00:10:51.120 Now, I want to mention alternatives to Kafka, such as Sidekiq, which is often used for Redis. It's important to know that it doesn't guarantee the order of jobs, potentially leading to unwanted outcomes in your application. RabbitMQ and SQS also have their quirks, but they don't always provide the same guarantees, like order or retention you find with Kafka. Careful consideration is needed when selecting your queuing technology.

00:11:47.680 When it comes to integrating Kafka into your architecture, there are several options. For instance, we use Amazon's managed Kafka service (MSK) which eliminates the need for maintaining your own Kafka brokers. Heroku also offers a solid Kafka service, and we're transitioning to Confluent Cloud, which is run by the founder of Kafka. This service supplies not only Kafka but also additional tools and support that enhance its functionality.

00:12:19.120 For Ruby developers, there’s an excellent gem called Karafka, which acts as a wrapper around the essential Kafka functionalities. It’s fully featured and maintained by a talented developer in Poland, who deserves a shout-out for his efforts. Using Kafka for consistent data streaming simplifies your pipeline, but it's essential to ensure a robust design.

00:13:01.760 When producing messages to Kafka, you can choose between synchronous or asynchronous modes. The synchronous method is simpler—you write a message, and be sure to handle errors properly, providing appropriate feedback to the user. However, if you opt for the asynchronous method, messages are queued in a background thread, yielding quicker responses to users. While this provides benefits, the inconsistency remains a risk if a failure occurs post-response return.

00:13:51.960 Another challenge in this approach is guaranteeing absolute consistency across services and databases. If a Rails app processes an inbound request that involves writing to a database and sending a Kafka message, you must ensure that either both actions succeed or both fail. You'd face the dreaded dual-write problem if the Kafka message was delivered but the database transaction fails, leading to inconsistency.

00:14:25.520 To address this, some developers utilize a transactional outbox pattern. This involves creating an outbox table in your database where messages are stored before being sent to Kafka, ensuring they are always in sync. If you're using certain cloud databases, they may offer integrated solutions. For example, AWS’s Kinesis can automatically output changes into streams or Kafka.

00:15:26.800 As we wrap this up, I want to emphasize various approaches to ensuring data consistency. Methods like change data capture allow the separation of message formats from actual database structures by using mechanisms that handle updates and changelogs. This flexibility allows you to create cleaner APIs for your consumers while preventing database structure leaks.

00:16:32.120 In conclusion, streaming provides a globally distributed, eventually consistent, and near real-time way to manage messages. The reliability of such a system is crucial in complex applications involving multiple teams, and I believe it's an excellent way for managing intricate enterprise architecture.

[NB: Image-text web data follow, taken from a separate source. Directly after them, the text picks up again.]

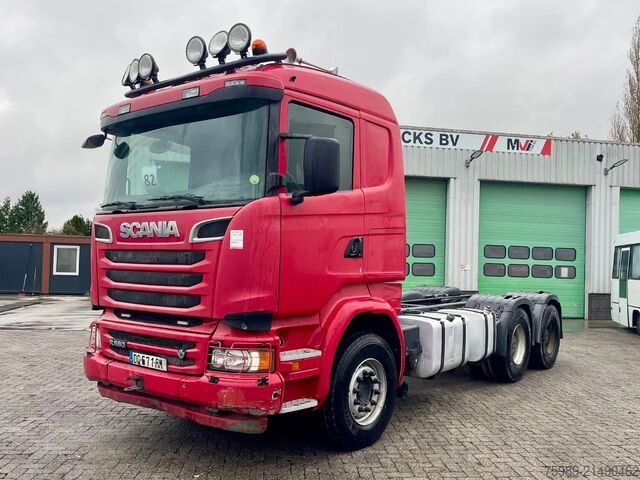 Fahrgestell mit Fahrerhaus Scania R580 V8 6x4, RETARDER, 614915 km FULL SPRING! ...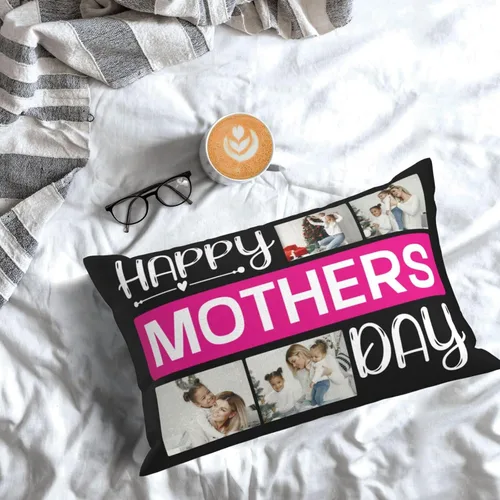 Miniatura 3 de Funda de almohada personalizada para el día de la madre, funda de almohada personalizada con collage de fotos, funda de almohada para el día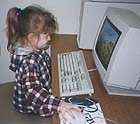 Girl at computer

00:17:16.960 Should you find value in setting up a Kafka solution for your architecture, remember to keep your team's messaging standard consistent. Define headers and serialization options that simplify message formats and improve communication across services.

00:18:00.680 Lastly, whether you are an established organization or a startup, consider what the future holds for log-driven development, whereby instead of writing directly to databases, applications send data to Kafka, which is subsequently processed by downstream consumers. This asynchronous architecture shifts practices and can lead to greater scalability.

00:19:08.040 I hope these insights regarding event streaming have been insightful and beneficial for your projects. Make sure to stay informed about ongoing improvements in the Kafka ecosystem. Thank you all for joining my talk today!

00:24:14.431 Thank you! Much appreciated!